== The task ==
Filter this data down to the lines that hold "Print", and copy them.
******************************
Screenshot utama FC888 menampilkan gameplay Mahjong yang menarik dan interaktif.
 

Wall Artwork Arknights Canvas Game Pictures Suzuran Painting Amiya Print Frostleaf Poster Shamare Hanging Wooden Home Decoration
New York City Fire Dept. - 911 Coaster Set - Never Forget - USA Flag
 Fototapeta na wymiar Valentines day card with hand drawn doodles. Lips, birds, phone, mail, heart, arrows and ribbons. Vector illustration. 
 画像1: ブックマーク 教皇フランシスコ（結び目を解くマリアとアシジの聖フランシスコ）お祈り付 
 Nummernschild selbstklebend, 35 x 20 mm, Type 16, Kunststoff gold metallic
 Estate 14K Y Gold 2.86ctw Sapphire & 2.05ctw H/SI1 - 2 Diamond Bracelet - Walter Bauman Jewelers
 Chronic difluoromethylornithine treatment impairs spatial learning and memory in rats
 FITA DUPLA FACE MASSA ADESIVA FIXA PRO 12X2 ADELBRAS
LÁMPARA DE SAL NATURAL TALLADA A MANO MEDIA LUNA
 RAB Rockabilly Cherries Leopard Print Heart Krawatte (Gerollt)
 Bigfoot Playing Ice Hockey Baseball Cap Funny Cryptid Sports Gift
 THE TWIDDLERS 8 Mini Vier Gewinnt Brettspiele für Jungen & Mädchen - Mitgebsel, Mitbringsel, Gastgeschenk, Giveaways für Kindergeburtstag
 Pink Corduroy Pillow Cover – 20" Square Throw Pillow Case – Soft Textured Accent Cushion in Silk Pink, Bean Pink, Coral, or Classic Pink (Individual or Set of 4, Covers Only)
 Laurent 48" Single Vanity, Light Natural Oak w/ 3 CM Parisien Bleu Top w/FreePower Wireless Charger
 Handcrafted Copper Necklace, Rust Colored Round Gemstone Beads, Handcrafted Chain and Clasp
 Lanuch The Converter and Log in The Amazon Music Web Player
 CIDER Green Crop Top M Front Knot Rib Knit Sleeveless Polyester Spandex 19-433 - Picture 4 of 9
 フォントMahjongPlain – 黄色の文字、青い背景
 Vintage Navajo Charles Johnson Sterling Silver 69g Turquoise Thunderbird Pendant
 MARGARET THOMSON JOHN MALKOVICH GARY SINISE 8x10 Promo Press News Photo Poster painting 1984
******************************
== Task result ==
Wall Artwork Arknights Canvas Game Pictures Suzuran Painting Amiya Print Frostleaf Poster Shamare Hanging Wooden Home Decoration
 RAB Rockabilly Cherries Leopard Print Heart Krawatte (Gerollt)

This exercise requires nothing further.